2007-10-26 Thread Lihn, Steve
Tom,
Although there are ghc rpms
(http://www.haskell.org/ghc/dist/6.6.1/rpm/), it can not be installed as
non-root user. The rpm lock and rpm db issue makes it a "complicated and
pathological" case -- see thread here
https://lists.dulug.duke.edu/pipermail/rpm-devel/2005-April/000403.html
<https://lists.dulug.duke.edu/pipermail/rpm-devel/2005-April/000403.html
> . I don't know if the rpm can be packaged differently as your link
suggests to avoid these issues.
 
I would suggest making a note on the GHC download page for non-root user
not to try the rpm, it is a waste of time. The tar.bz2 file works fine.
Just be careful when dealing with Lambdabot (and GOA).
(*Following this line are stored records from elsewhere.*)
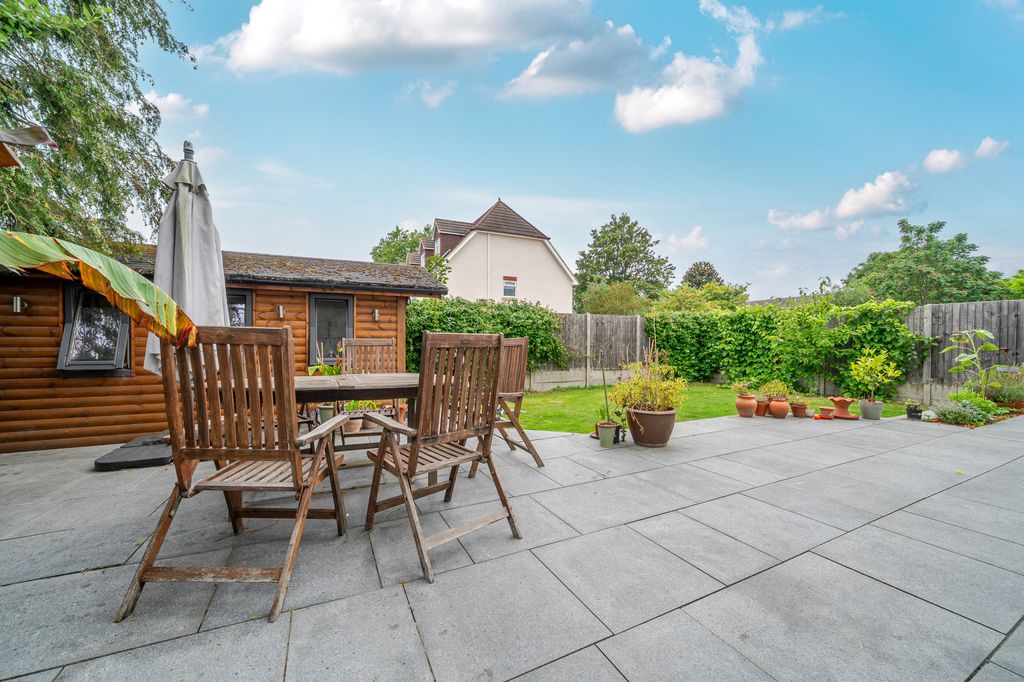 Additional image 16 of 5 bed detached house for saleGravel Road, Farnborough GU14
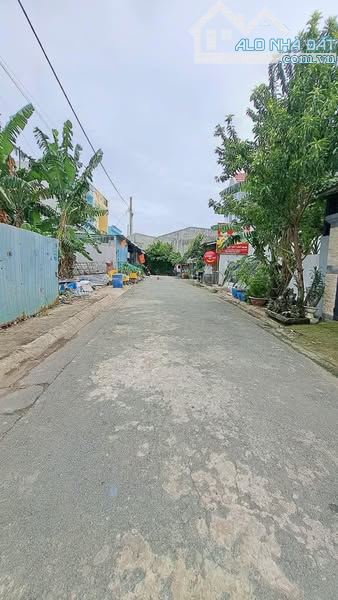 KẸT TIỀN BÁN GẤP 85M2 -GIÁ 1 tỷ 800 TRIỆU - THỚI TAM THÔN - HÓC MÔN - GỌI CHO EM XEM ĐẤT - 2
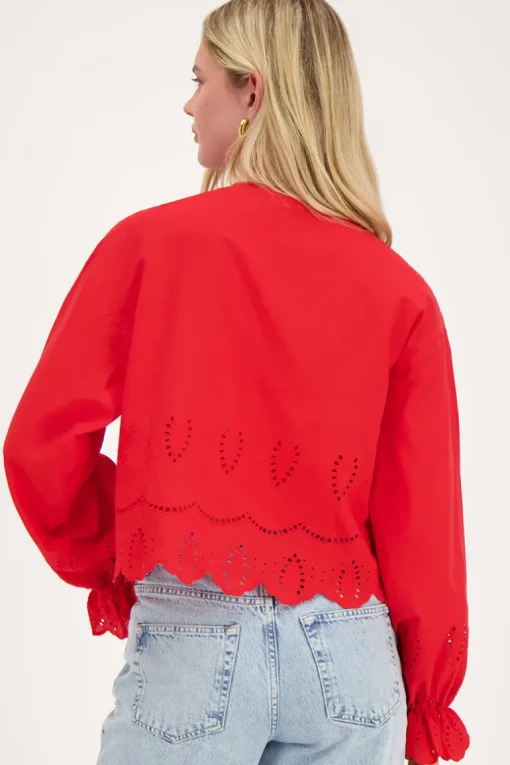 Rode Blouse Met Strikjes En Broderie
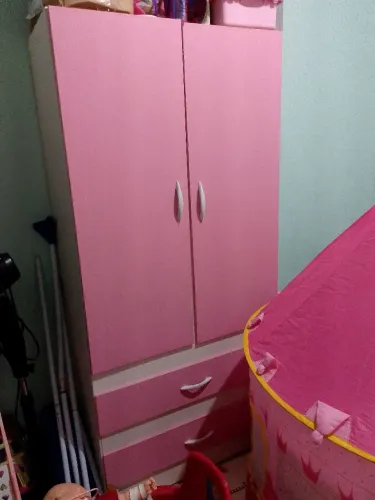 Guarda roupa, cômoda e criado mudo
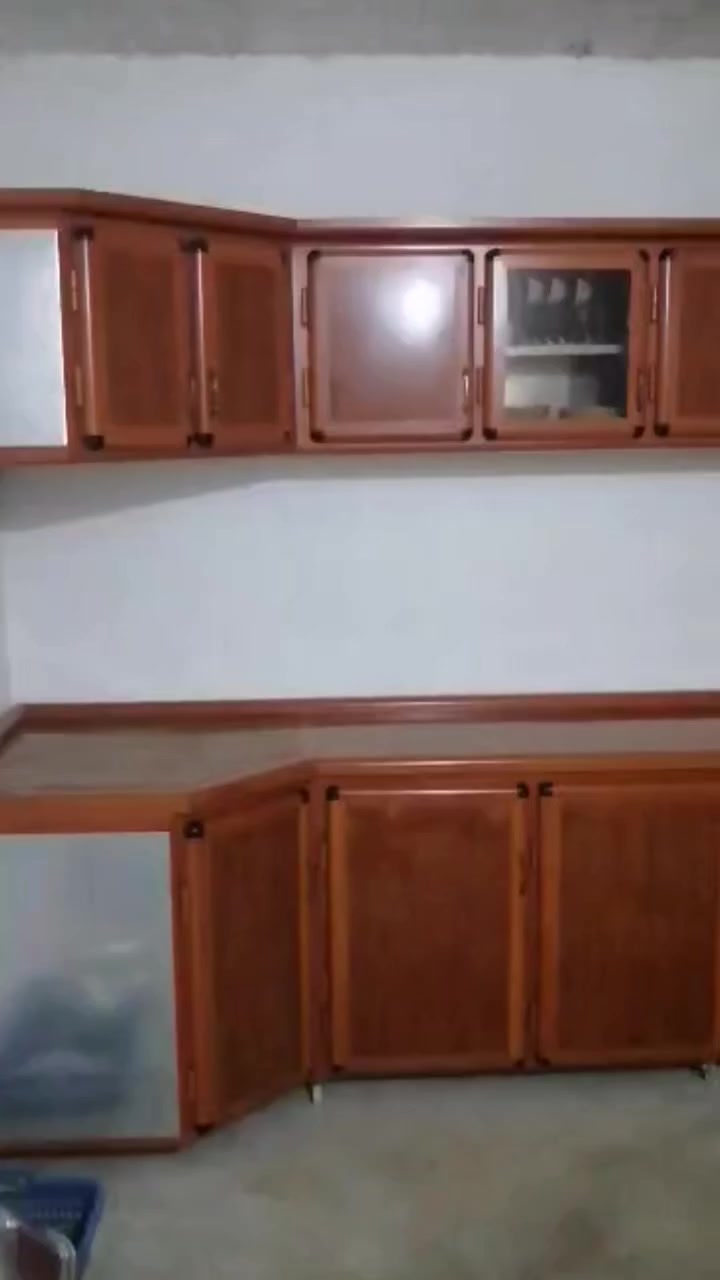 كاونتر للبيع نضيف حيل الطول 365 سنكي 245العنوان ناحيه وانه للاستفسار الاتصال على ***********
BTW, the 661 rpm
depends on gmp-devel and readline, which further complicated the case
for non-root user.
 
Steve



From: Thomas Hartman [mailto:[EMAIL PROTECTED] 
Sent: Tuesday, October 16, 2007 10:04 AM
To: Lihn, Steve
Cc: Brandon S. Allbery KF8NH; Haskell-Cafe Haskell-Cafe; Stefan O'Rear
Subject: RE: [Haskell-cafe] How to thoroughly clean up Haskell stuff on
linux



>Indeed, I don't want to waste time but have no choice (rpm needs root),


not sure if this'll help (never tried it myself) but this claims there's
a non-root way to use rpm 

http://www.techonthenet.com/linux/build_rpm.php 

cheers, t.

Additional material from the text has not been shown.